_To do_
Ignoring pictures, transcribe exactly the lines between the one containing "Alisha Lack, of" and the end of the material, both included.

_Supplied data_

┌──

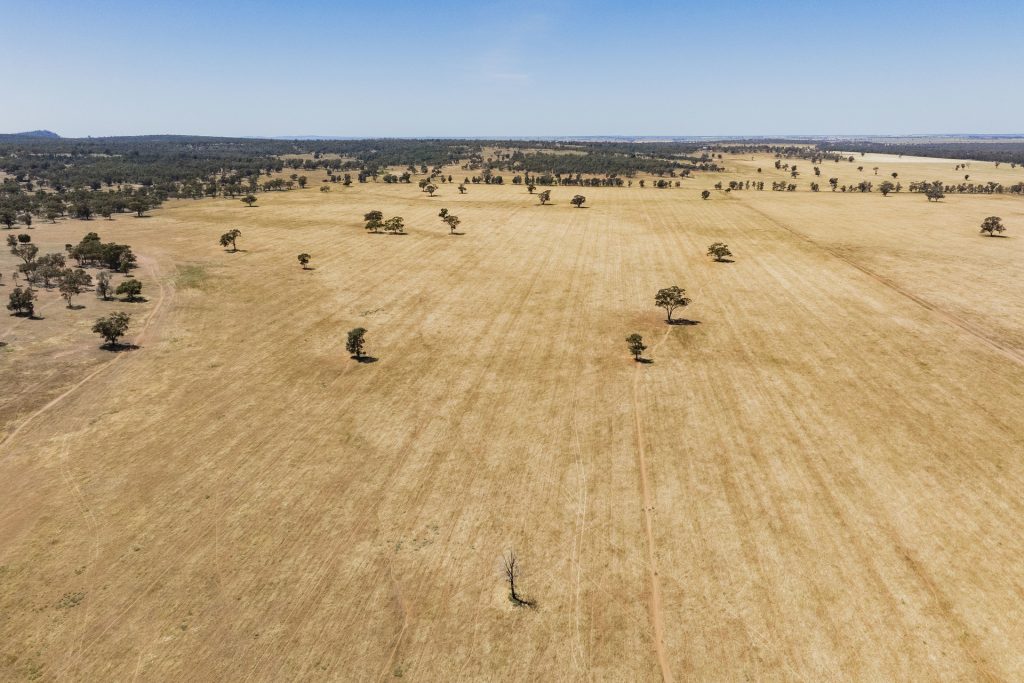 For Sale - 25 Kamarah Road - New Property in Narrandera - Real Estate by Craig Pellow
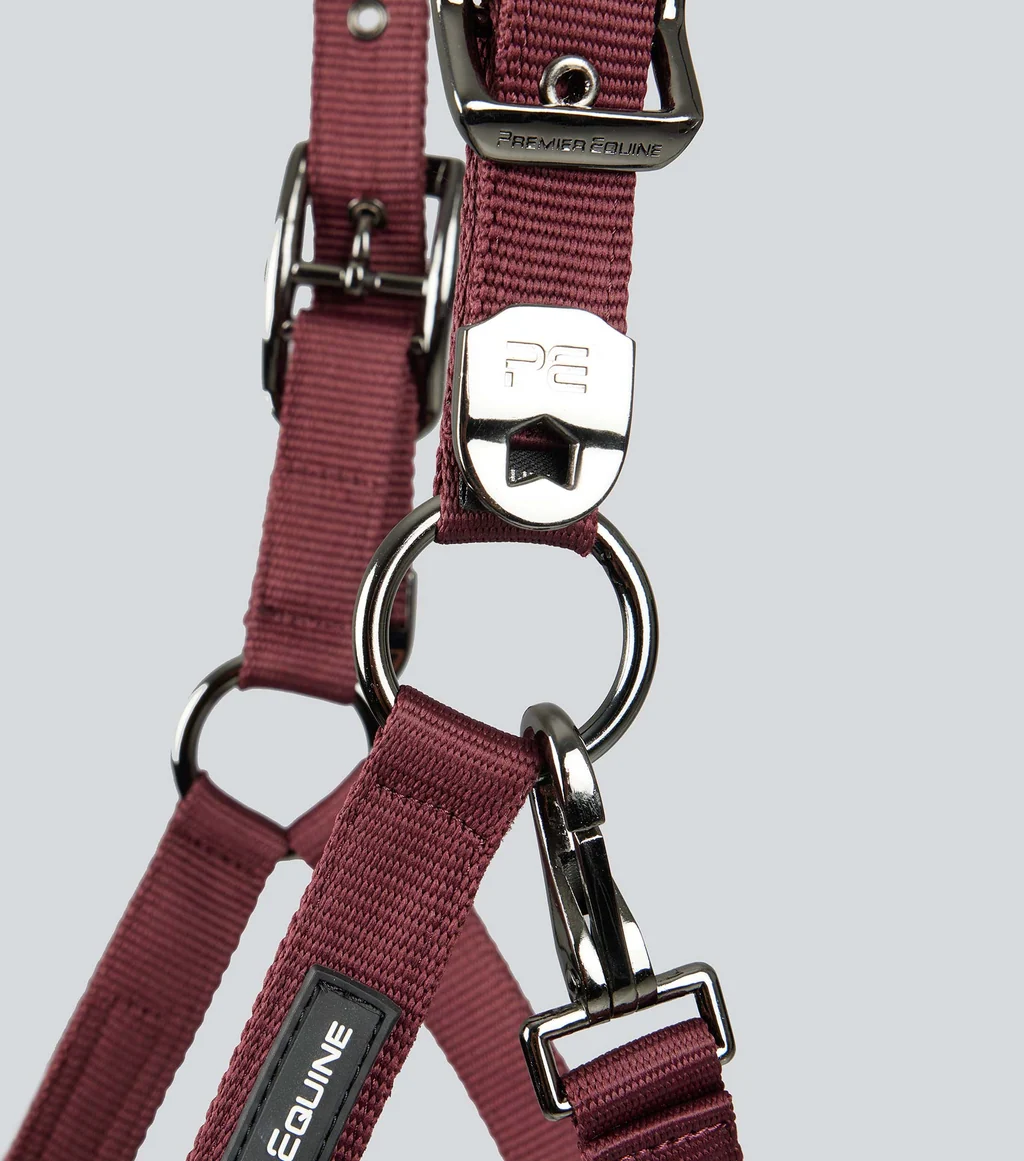 Corda Padded Head Collar with Lead Rope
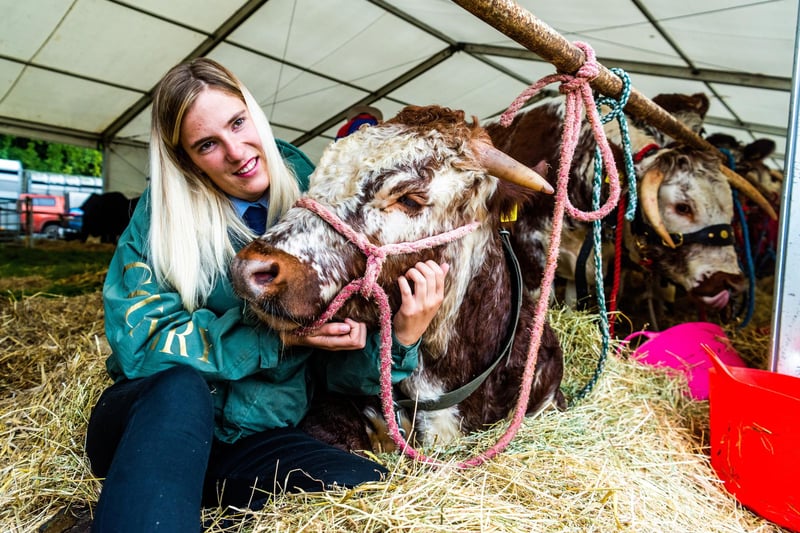 Alisha Lack, of Easingwold, with her 10 month old Longhorn bull called Willowtree Wrecker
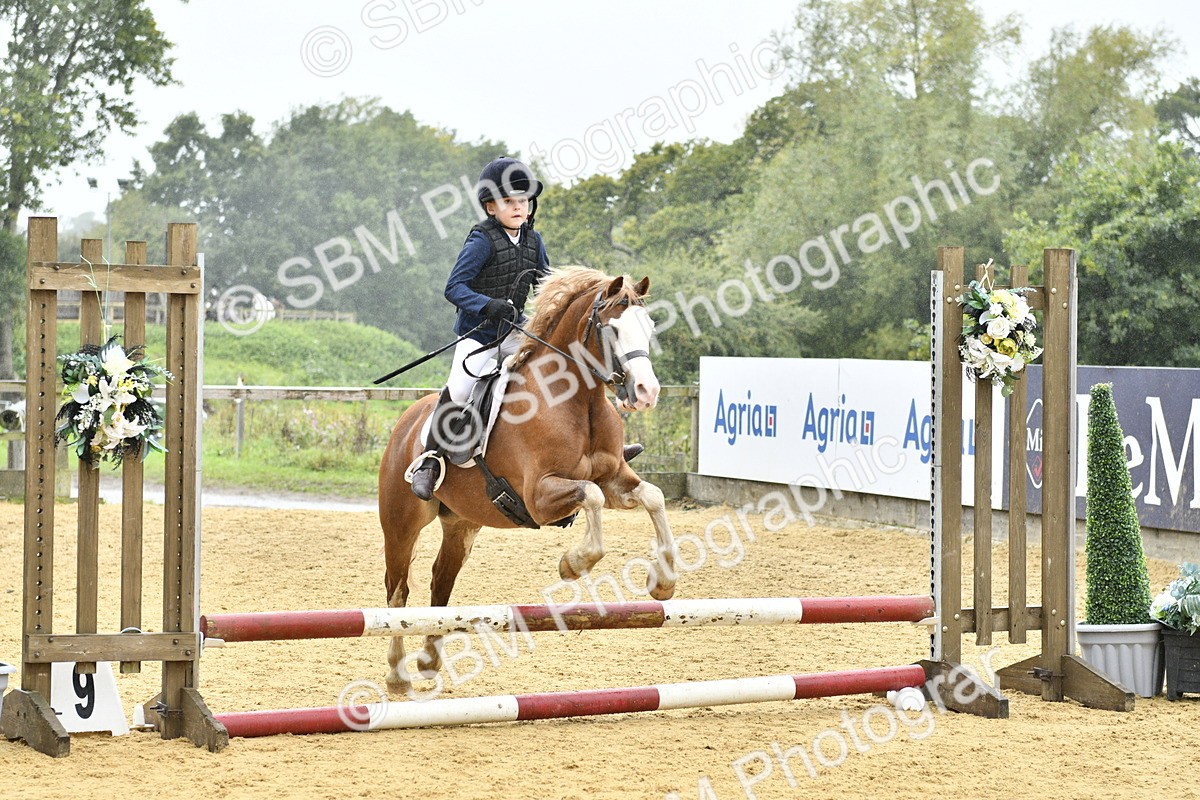 SBM_70936 - J3 - Mini Tour Junior Pony 40cm championship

└──

_Answer for this exercise_
 Alisha Lack, of Easingwold, with her 10 month old Longhorn bull called Willowtree Wrecker
 SBM_70936 - J3 - Mini Tour Junior Pony 40cm championship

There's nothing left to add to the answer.